Dossier 137
Stéphanie, enquêtrice à l’Inspection générale de la Police nationale, est chargée d’un nouveau dossier : un jeune homme est blessé par un tir de Flash‑Ball lors d’une manifestation liée au mouvement des Gilets jaunes.
Police partout… justice nulle part ?
S’il y a des sujets rarement traités au cinéma, l’IGPN, la « police des polices », en est assurément un. Avec ce Dossier 137, le réalisateur Dominik Moll (La nuit du 12, Harry, un ami qui vous veut du bien) essaie tant bien que mal de remédier à cet écueil.
S’il y arrive assez bien, c’est sans doute grâce à un scénario tout de même assez rigide et une Léa Drucker incroyable de justesse, tiraillée entre la justice et l’institution policière dont elle fait partie. Ce Dossier 137, c’est avant tout une autopsie au millimètre, froide et sans affect d’un cas d’école ô combien banal : savoir s’il y a bavure policière ou maintien de l’ordre ?
Quelques moments anecdotiques et artificiels aèrent cependant le propos, comme cette histoire de chat errant. Mignonne mais bien inutile. Ils proposent des respirations mais alourdissent aussi parfois l'ensemble. Car avec Dossier 137, Dominik Moll autopsie minutieusement un fait divers. Il mène une enquête sans effet de scénario ou de rebondissements spectaculaires, cherchant la démonstration implacable.
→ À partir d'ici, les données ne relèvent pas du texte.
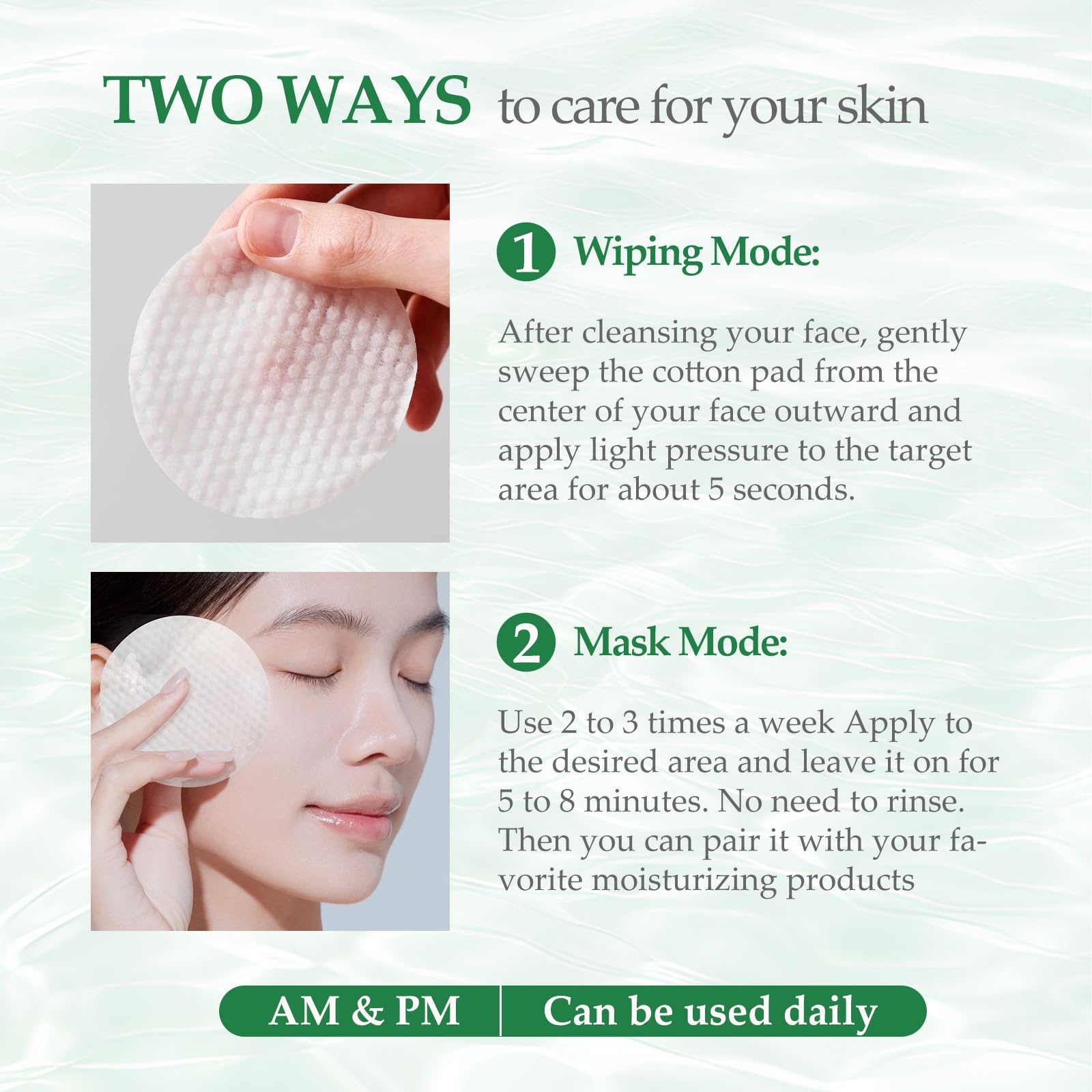 Snidin Toner Pads sealed jar and dustproof tweezers for hygiene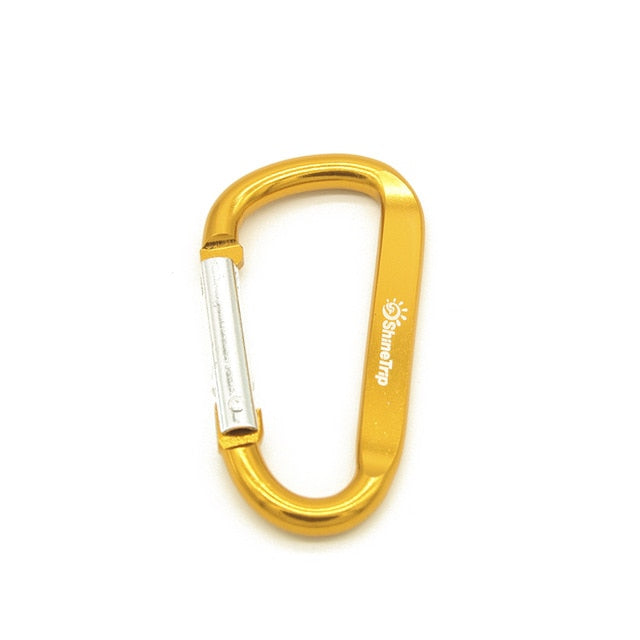 Outdoor Climbing Aluminium Alloy D Shape Buckle Carabiner Survial Key Chain Climb Hook Clip Backpack Buckle Keychain 1pc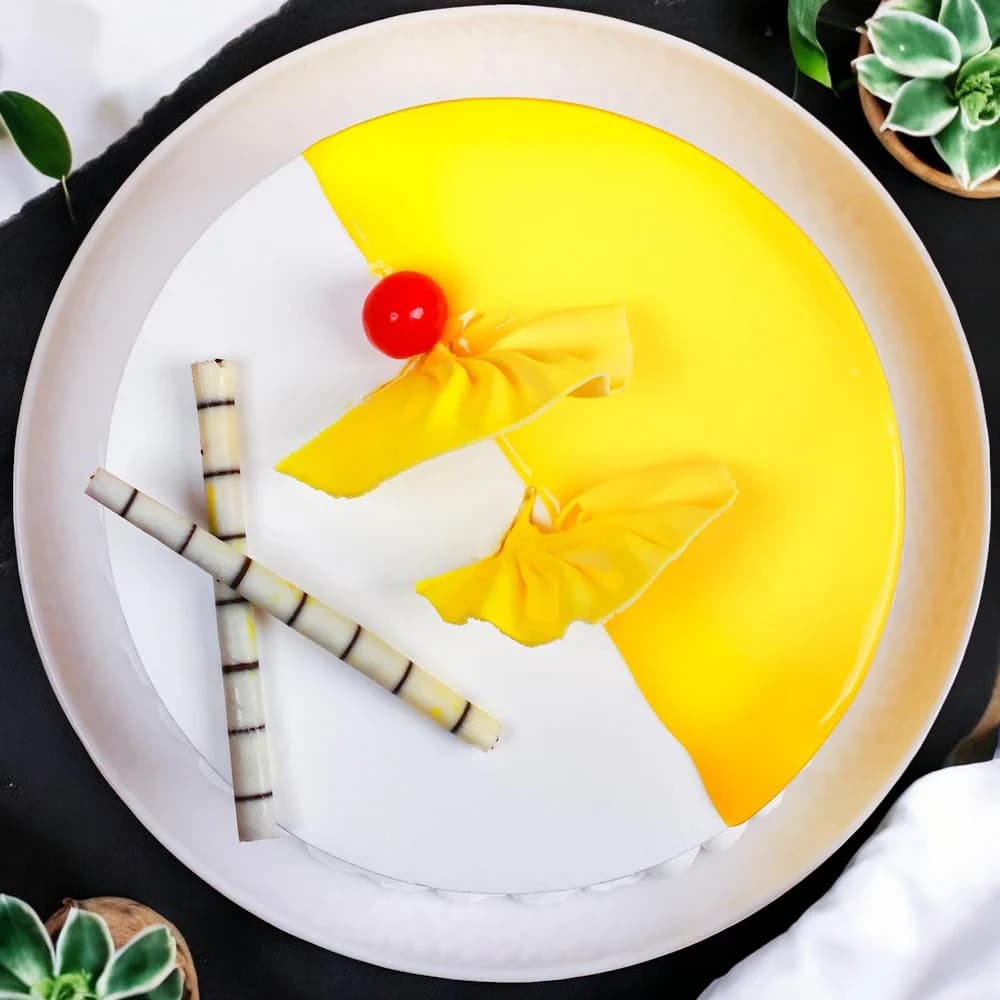 Exotic Blissful Mango Cake view 1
Véritable leçon de ténacité, son film en est presque clinique et c'est ce qu'il le rend fort. On pense aux pamphlets politiques d’Yves Boisset des années 70 ou au Polisse de Maïwenn, et on est rapidement aspiré par le travail de fourmi effectué par l’héroïne et son équipe pour aboutir, coûte que coûte, à la vérité.
Le droit de savoir
Sans cesse tiraillés entre leur fonction et leur corps de métier, les agents de l’IGPN sont les véritables héros du film. Des héros de l’ombre, honnis par leurs pairs, qui les considèrent comme traîtres, et par la population pour qui tous les flics se valent, dans une logique ACAB (« All Cops Are Bastards ») très à la mode depuis la crise des Gilets jaunes. En filigrane, le film interroge notre société. Sommes‑nous capables de juger la police ? Qui surveille ceux qui sont censés nous surveiller ? Surtout quand cette police des polices fait partie justement de la même institution : la police. Vertigineux…
Certainement bien moins fort que son sujet, le film de Dominik Moll en rebutera sans doute certains par sa froideur et son manque d’amplitude. Un parti pris qui, pour d’autres, est assurément sa principale qualité.